Of the thousands of holocaust books that have been published over the last fifty years, many are not able to keep the reader from succumbing to despair, giving in, going out in the garden, turning on the television ... anything to evade the numbing truth that still, after so long, can startle: that a country of great learning and art could suddenly and viciously turn into a state run by hoodlums, men (and in some cases, women) who reveled in beatings, torture and the murder of a whole sub-culture.

The events of 1933 form a breathtaking turn of history, not only for Germany, but for humanity. Those of us who came of age in the last part of the 20th century now know that under a façade of books and music and culture lay the reality of a "civilized" people turning brutish almost overnight.
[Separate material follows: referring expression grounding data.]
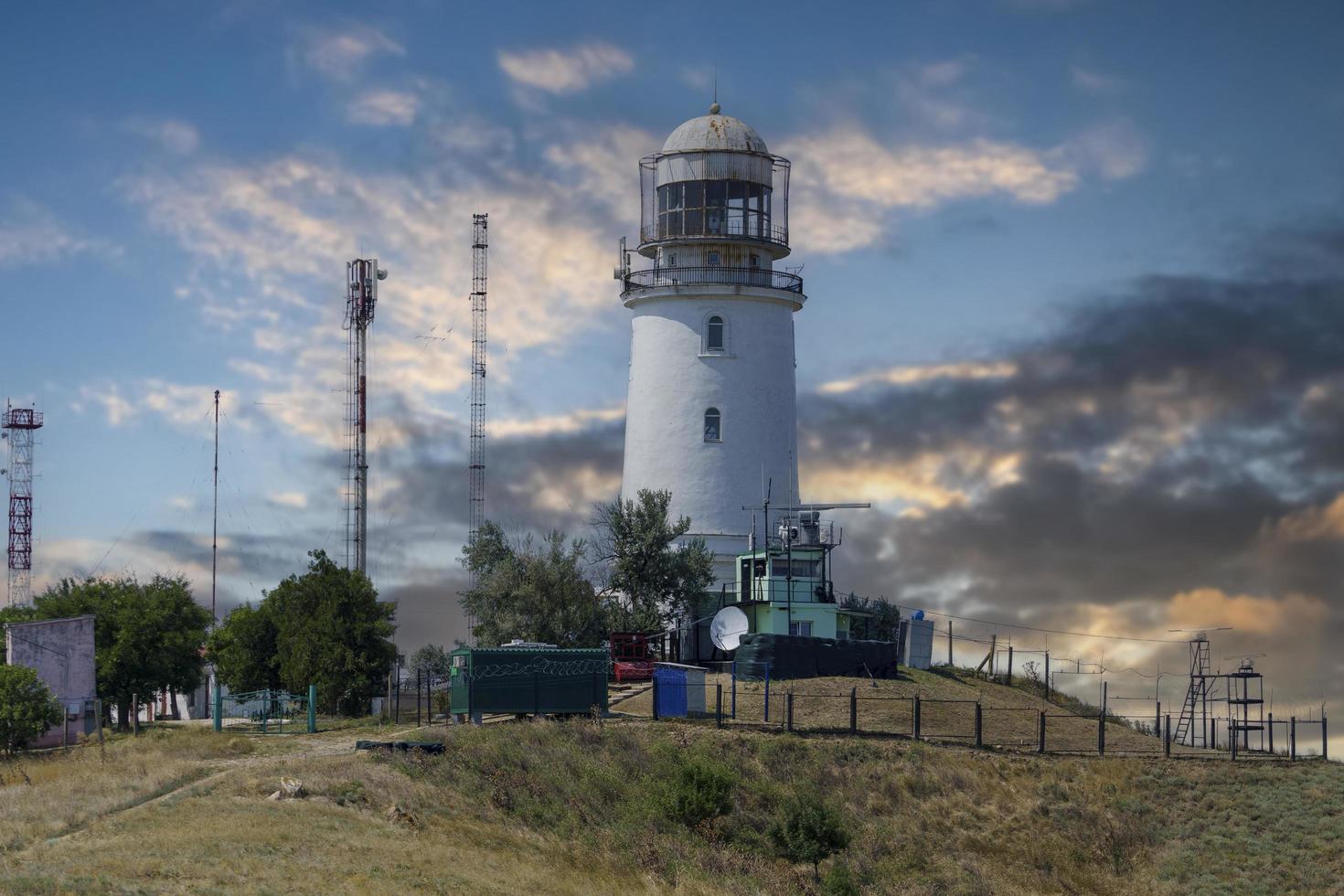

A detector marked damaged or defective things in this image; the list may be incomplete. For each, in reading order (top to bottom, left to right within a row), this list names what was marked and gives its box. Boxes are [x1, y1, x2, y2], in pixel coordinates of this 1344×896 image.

rusty dome surface [658, 109, 768, 155]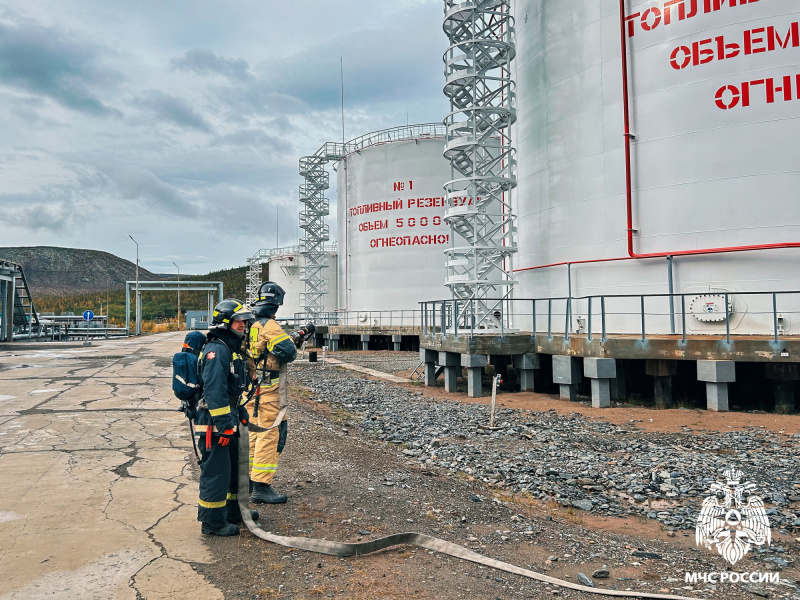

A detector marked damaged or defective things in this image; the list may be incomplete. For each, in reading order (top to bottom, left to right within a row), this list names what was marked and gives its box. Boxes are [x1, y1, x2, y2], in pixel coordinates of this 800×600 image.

cracked concrete slab [0, 332, 222, 600]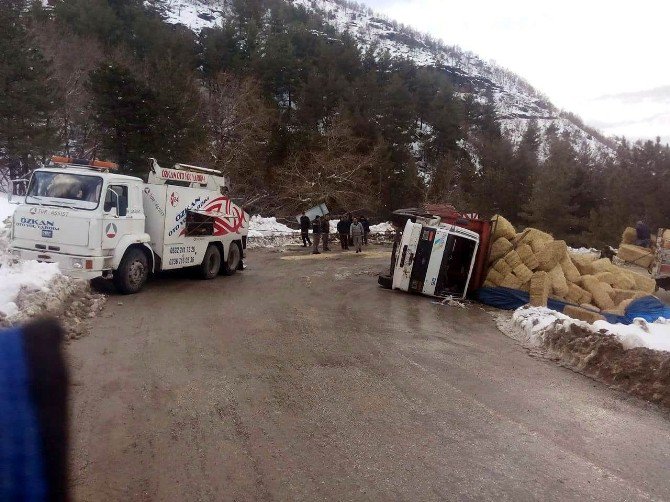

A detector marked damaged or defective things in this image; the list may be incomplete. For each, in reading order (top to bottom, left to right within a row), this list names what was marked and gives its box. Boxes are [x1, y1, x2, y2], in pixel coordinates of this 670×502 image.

overturned truck wheel [378, 274, 394, 290]
overturned truck cab [384, 207, 494, 300]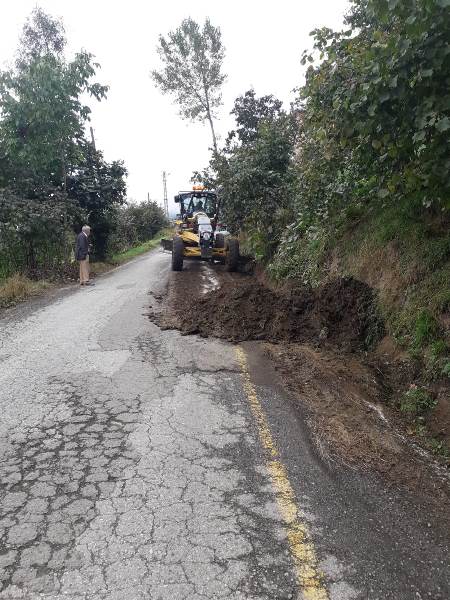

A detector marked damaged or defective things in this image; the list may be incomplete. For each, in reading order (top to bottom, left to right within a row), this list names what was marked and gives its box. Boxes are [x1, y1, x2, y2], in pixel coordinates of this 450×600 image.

cracked asphalt road [0, 251, 450, 596]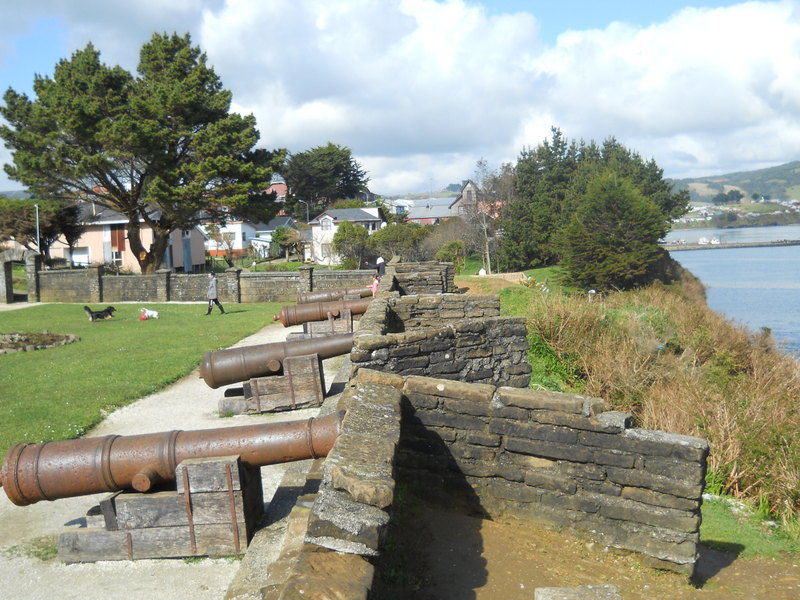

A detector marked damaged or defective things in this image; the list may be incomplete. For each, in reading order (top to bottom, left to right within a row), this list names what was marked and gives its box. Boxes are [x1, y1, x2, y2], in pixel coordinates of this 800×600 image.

rusty cannon [272, 296, 372, 326]
rusty cannon [298, 286, 374, 304]
rusty cannon [198, 332, 352, 390]
rusty cannon [0, 410, 344, 504]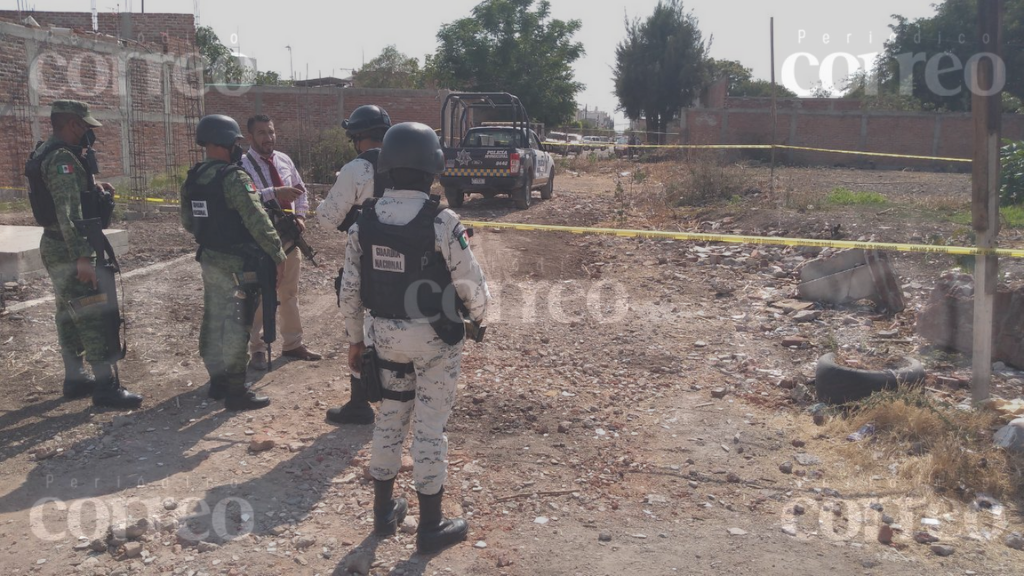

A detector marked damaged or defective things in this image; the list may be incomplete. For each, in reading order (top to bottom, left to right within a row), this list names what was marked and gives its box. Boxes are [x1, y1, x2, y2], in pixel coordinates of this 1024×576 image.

broken concrete slab [0, 224, 129, 280]
broken concrete slab [794, 247, 901, 309]
broken concrete slab [917, 272, 1024, 366]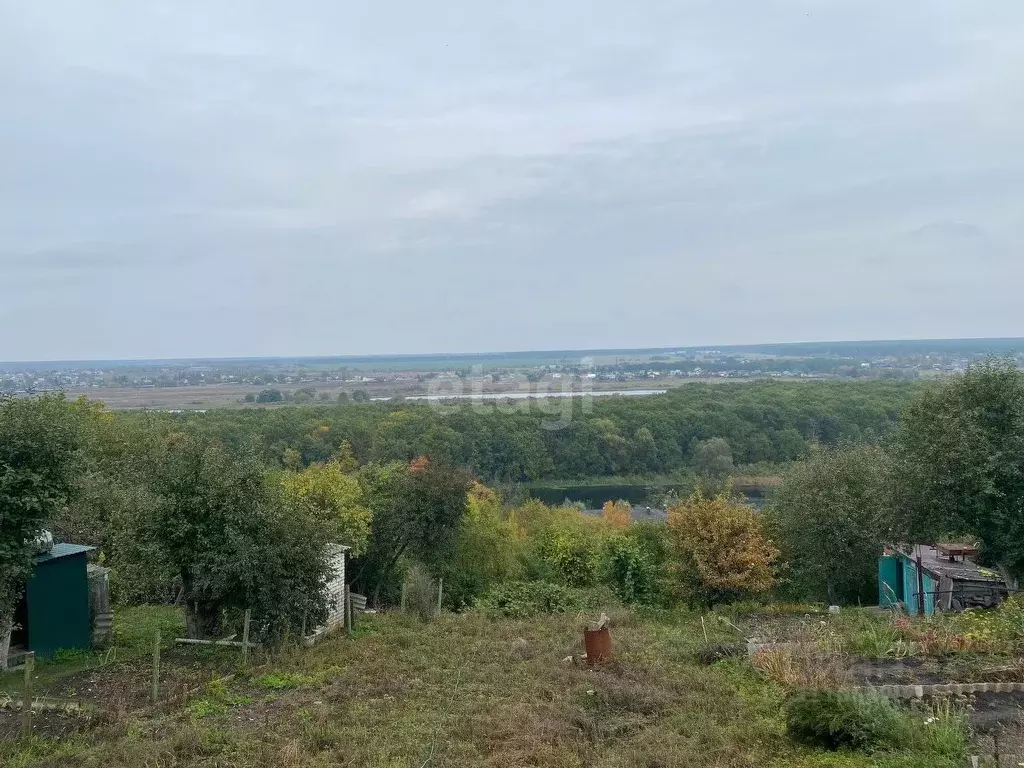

There have been other virulent plunges into obscene violence by other not unenlightened cultures. Spain, home to Goya, Cervantes and Lope de Vega was able to maim, sicken and destroy over five million indigenous peoples in the New World in the sixteenth century. The Turks put a million Armenians to death in 1919, and the Japanese Greater Co-Prosperity Sphere took the lives of more than six million Orientals from China, Korea, Laos, Burma, Formosa and the island republics of the Far East between 1935 and 1945.

§     §     §

Still, there are few books that can convey the grisly nature of a conscious murder of a whole peoples represented by the Holocaust. One of the most artful is André Schwarz-Bart's The Last of the Just. Another is Szymon Lak, who gave us the woeful and yet, at times, almost merry Music of Another World (he was a violinist at Birkenau and, for some reason, the musicians were protected from the worst excesses of organized murder.) There are occasional modernist poems such as Ravensbrück and Death Fugue that can capture the aftermath of camp experiences.

Fred Wander's The Seventh Well is as powerful, makes the reader willing to continue with asides that blend despair with poetry, even comic joy. He speaks of the "idyllic" forest at Krähwinkel, where "a band played notorious ballads 'O Donna Klara' or 'Wiener Blut'" (the name means "Vienna Blood"),

    On a stage ten feet up from ground level, musicians, prisoners of course, scraped and tooted and banged their instruments.

It is the choice of words that surprises: "scraped," "tooted," "banged."

Then there are Wander's memories of Perpignan, France, where he and thousands of others were held in an old army camp. "They broke up the old barracks ... and lit vast fires. The wood was moldy, it was as light as cork, you could crumble it between your fingers almost to dust, and it burned like tinder, the flames were thirty, forty feet and more."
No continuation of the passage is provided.